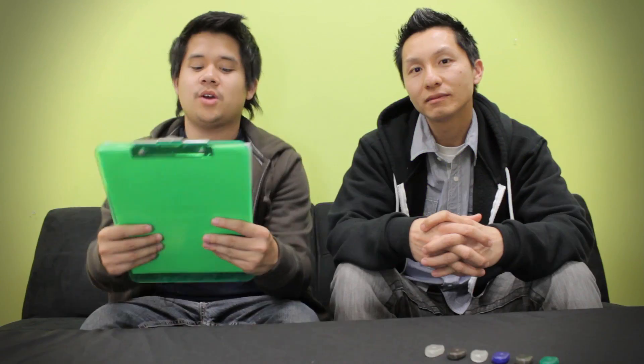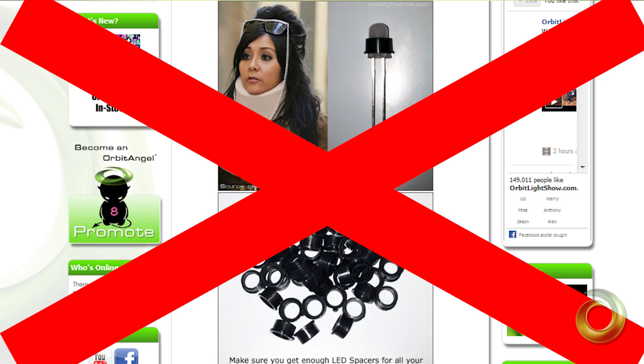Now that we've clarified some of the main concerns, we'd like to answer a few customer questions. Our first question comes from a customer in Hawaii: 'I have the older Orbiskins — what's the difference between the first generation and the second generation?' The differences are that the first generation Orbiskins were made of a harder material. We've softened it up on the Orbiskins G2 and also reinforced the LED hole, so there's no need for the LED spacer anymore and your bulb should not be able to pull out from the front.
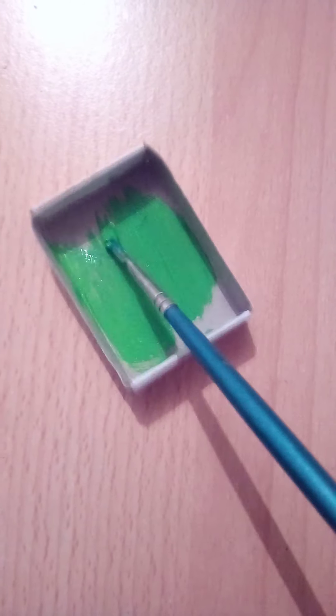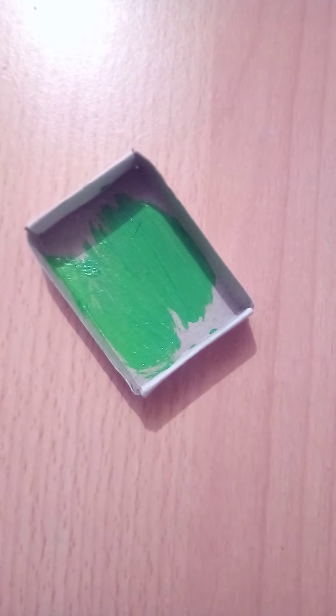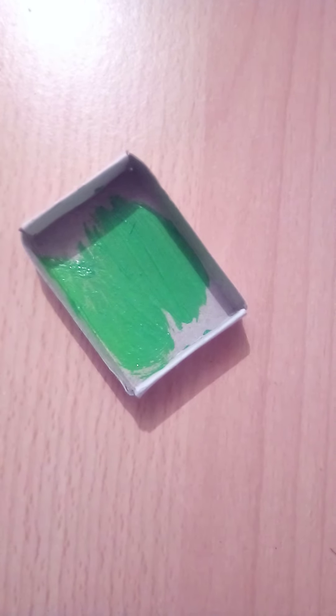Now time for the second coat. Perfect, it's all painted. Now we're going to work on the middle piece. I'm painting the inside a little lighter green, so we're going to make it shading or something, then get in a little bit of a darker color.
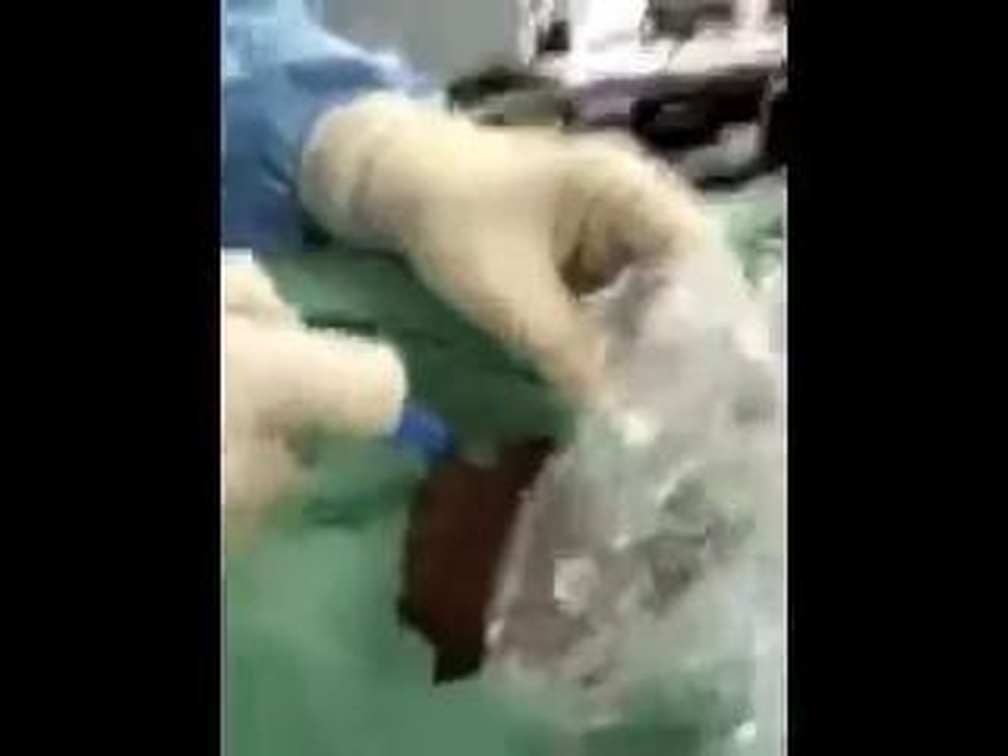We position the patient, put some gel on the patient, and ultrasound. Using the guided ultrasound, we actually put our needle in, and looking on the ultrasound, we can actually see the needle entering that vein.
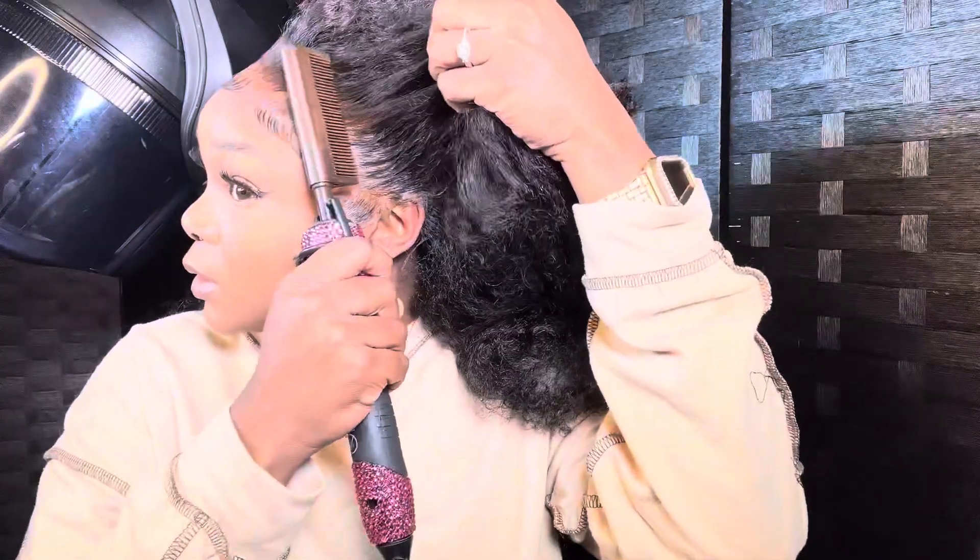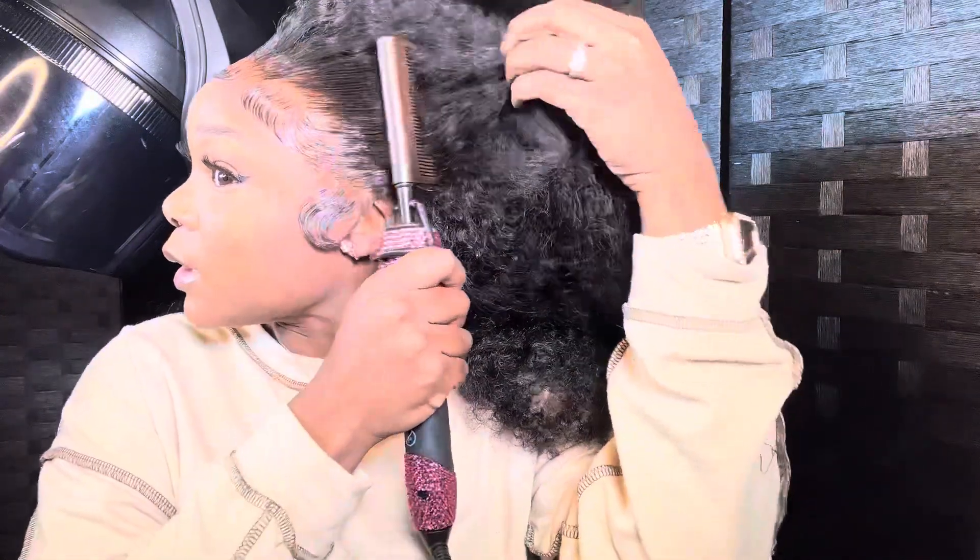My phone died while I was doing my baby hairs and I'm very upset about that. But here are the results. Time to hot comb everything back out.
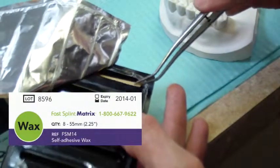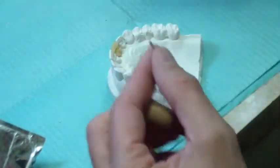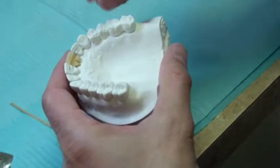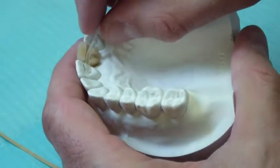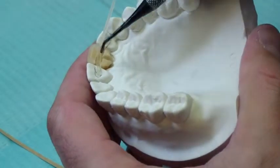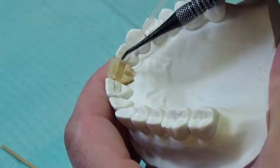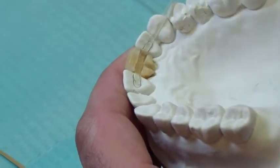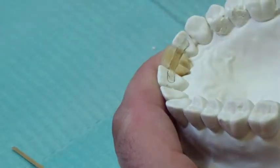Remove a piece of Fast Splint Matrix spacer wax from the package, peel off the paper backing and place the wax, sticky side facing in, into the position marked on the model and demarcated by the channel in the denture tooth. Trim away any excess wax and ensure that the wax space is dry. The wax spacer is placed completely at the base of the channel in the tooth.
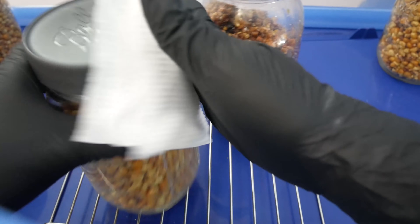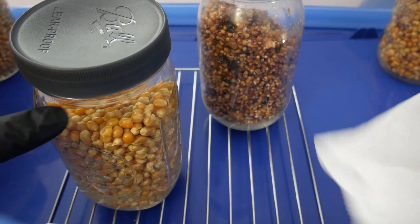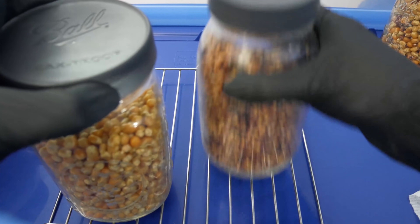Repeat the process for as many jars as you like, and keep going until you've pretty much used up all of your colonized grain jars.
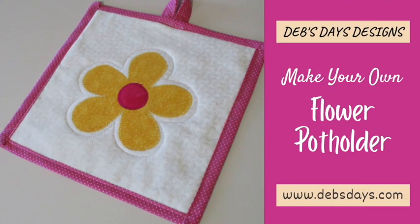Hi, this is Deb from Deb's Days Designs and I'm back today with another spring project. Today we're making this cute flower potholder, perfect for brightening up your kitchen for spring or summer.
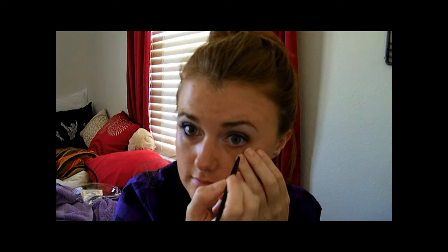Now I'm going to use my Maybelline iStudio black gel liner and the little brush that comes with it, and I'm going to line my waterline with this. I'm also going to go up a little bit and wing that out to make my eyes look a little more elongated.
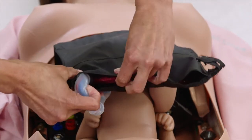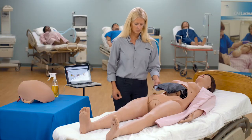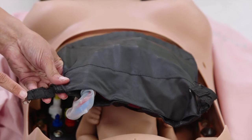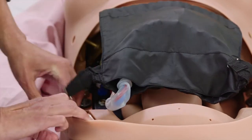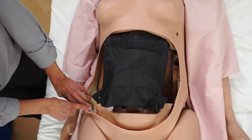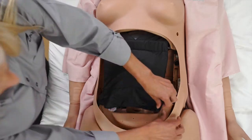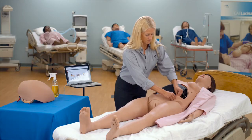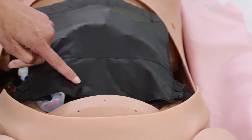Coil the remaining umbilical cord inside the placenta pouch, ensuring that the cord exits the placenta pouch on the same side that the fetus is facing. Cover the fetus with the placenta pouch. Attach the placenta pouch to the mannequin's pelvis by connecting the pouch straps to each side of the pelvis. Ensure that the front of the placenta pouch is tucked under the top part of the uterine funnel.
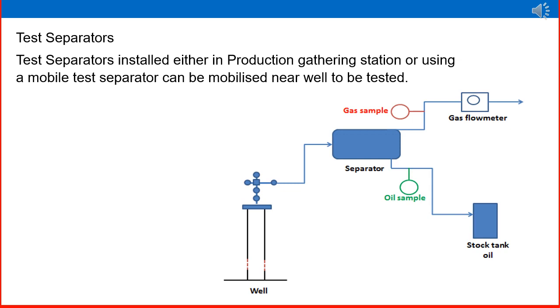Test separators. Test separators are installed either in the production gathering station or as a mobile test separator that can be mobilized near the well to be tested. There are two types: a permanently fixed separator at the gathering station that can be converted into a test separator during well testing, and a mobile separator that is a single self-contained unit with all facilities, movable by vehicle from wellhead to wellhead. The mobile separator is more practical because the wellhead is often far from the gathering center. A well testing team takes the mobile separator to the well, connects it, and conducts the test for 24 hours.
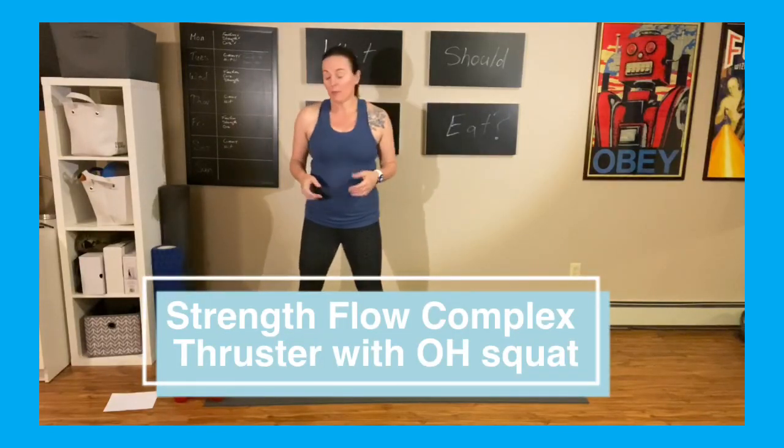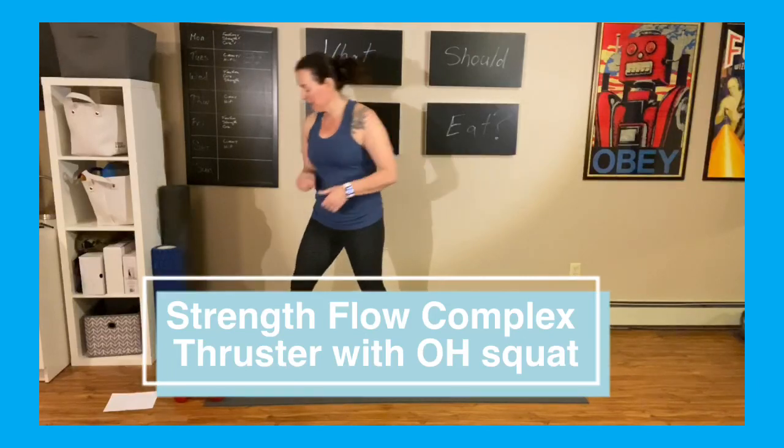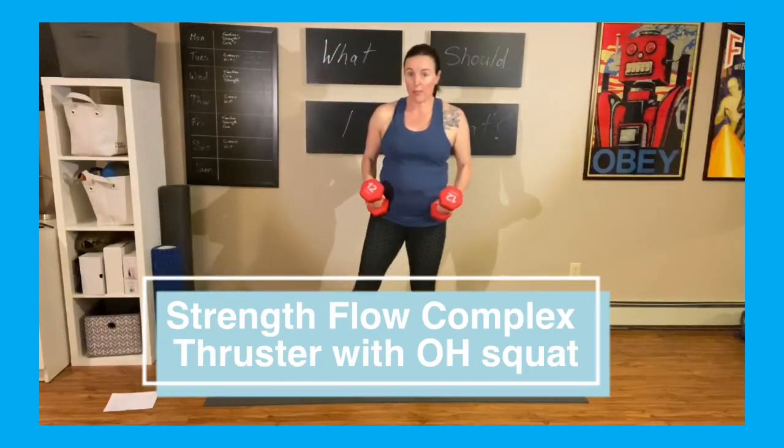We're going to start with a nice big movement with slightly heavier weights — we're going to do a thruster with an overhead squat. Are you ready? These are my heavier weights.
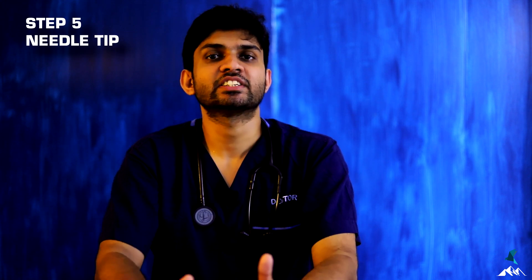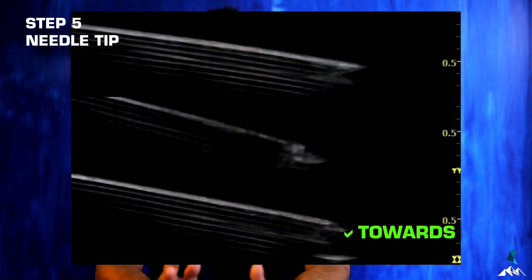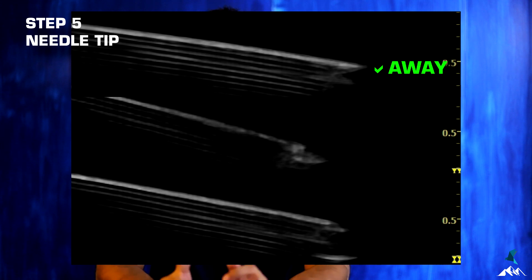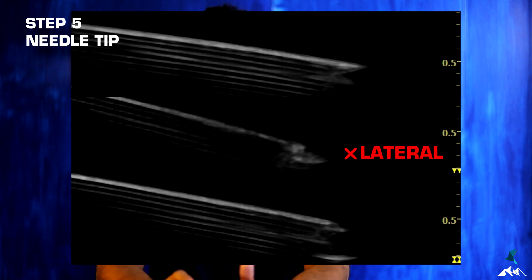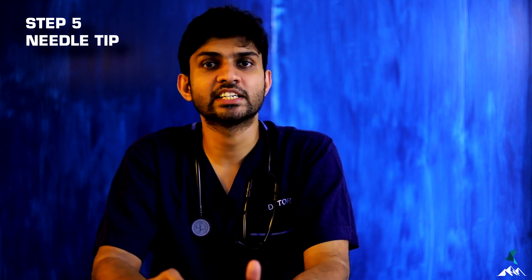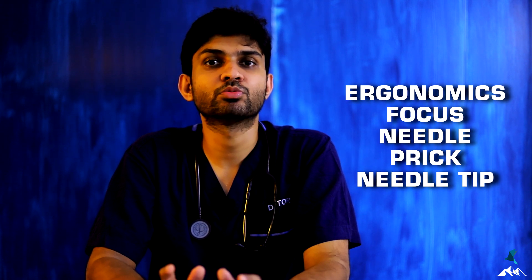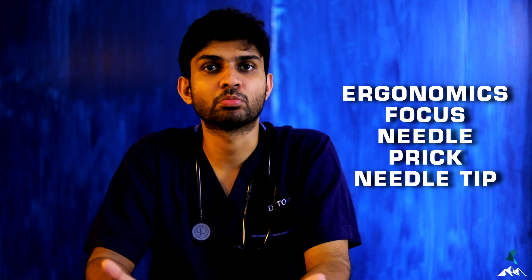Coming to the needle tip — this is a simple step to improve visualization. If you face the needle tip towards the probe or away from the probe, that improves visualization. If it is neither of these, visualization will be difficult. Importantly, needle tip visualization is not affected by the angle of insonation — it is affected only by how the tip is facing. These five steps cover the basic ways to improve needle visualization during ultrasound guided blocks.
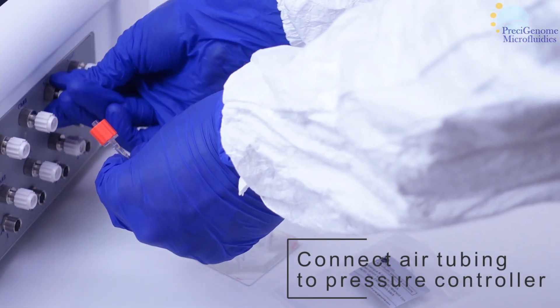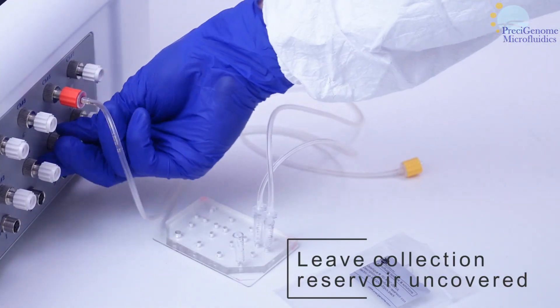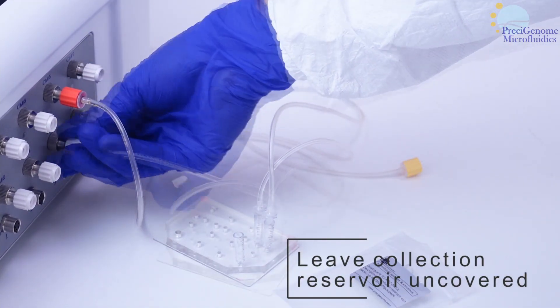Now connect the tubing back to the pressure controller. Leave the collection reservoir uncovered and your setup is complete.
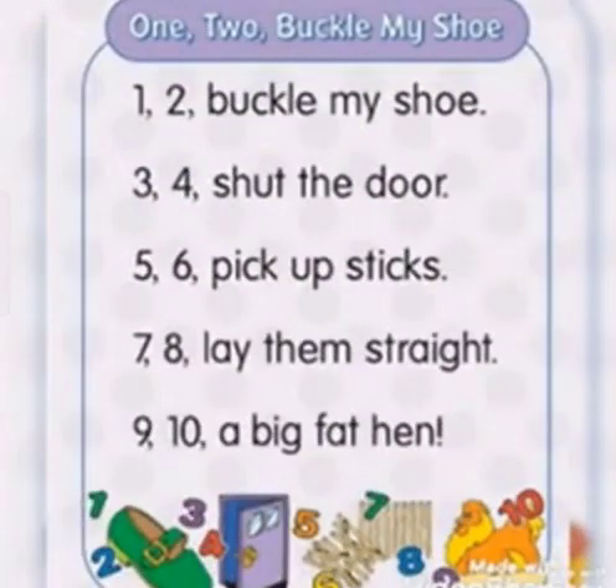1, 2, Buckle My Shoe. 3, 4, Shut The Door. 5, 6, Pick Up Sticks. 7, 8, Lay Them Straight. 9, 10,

......

## Task directions
Output the lines above in full and exactly. Leave out every picture.

## Task answer
Now that we've clarified some of the main concerns, we'd like to answer a few customer questions. Our first question comes from a customer in Hawaii: 'I have the older Orbiskins — what's the difference between the first generation and the second generation?' The differences are that the first generation Orbiskins were made of a harder material. We've softened it up on the Orbiskins G2 and also reinforced the LED hole, so there's no need for the LED spacer anymore and your bulb should not be able to pull out from the front.
Now time for the second coat. Perfect, it's all painted. Now we're going to work on the middle piece. I'm painting the inside a little lighter green, so we're going to make it shading or something, then get in a little bit of a darker color.
We position the patient, put some gel on the patient, and ultrasound. Using the guided ultrasound, we actually put our needle in, and looking on the ultrasound, we can actually see the needle entering that vein.
My phone died while I was doing my baby hairs and I'm very upset about that. But here are the results. Time to hot comb everything back out.
Remove a piece of Fast Splint Matrix spacer wax from the package, peel off the paper backing and place the wax, sticky side facing in, into the position marked on the model and demarcated by the channel in the denture tooth. Trim away any excess wax and ensure that the wax space is dry. The wax spacer is placed completely at the base of the channel in the tooth.
Repeat the process for as many jars as you like, and keep going until you've pretty much used up all of your colonized grain jars.
Hi, this is Deb from Deb's Days Designs and I'm back today with another spring project. Today we're making this cute flower potholder, perfect for brightening up your kitchen for spring or summer.
Now I'm going to use my Maybelline iStudio black gel liner and the little brush that comes with it, and I'm going to line my waterline with this. I'm also going to go up a little bit and wing that out to make my eyes look a little more elongated.
Coil the remaining umbilical cord inside the placenta pouch, ensuring that the cord exits the placenta pouch on the same side that the fetus is facing. Cover the fetus with the placenta pouch. Attach the placenta pouch to the mannequin's pelvis by connecting the pouch straps to each side of the pelvis. Ensure that the front of the placenta pouch is tucked under the top part of the uterine funnel.
Test separators. Test separators are installed either in the production gathering station or as a mobile test separator that can be mobilized near the well to be tested. There are two types: a permanently fixed separator at the gathering station that can be converted into a test separator during well testing, and a mobile separator that is a single self-contained unit with all facilities, movable by vehicle from wellhead to wellhead. The mobile separator is more practical because the wellhead is often far from the gathering center. A well testing team takes the mobile separator to the well, connects it, and conducts the test for 24 hours.
We're going to start with a nice big movement with slightly heavier weights — we're going to do a thruster with an overhead squat. Are you ready? These are my heavier weights.
Coming to the needle tip — this is a simple step to improve visualization. If you face the needle tip towards the probe or away from the probe, that improves visualization. If it is neither of these, visualization will be difficult. Importantly, needle tip visualization is not affected by the angle of insonation — it is affected only by how the tip is facing. These five steps cover the basic ways to improve needle visualization during ultrasound guided blocks.
Now connect the tubing back to the pressure controller. Leave the collection reservoir uncovered and your setup is complete.
1, 2, Buckle My Shoe. 3, 4, Shut The Door. 5, 6, Pick Up Sticks. 7, 8, Lay Them Straight. 9, 10,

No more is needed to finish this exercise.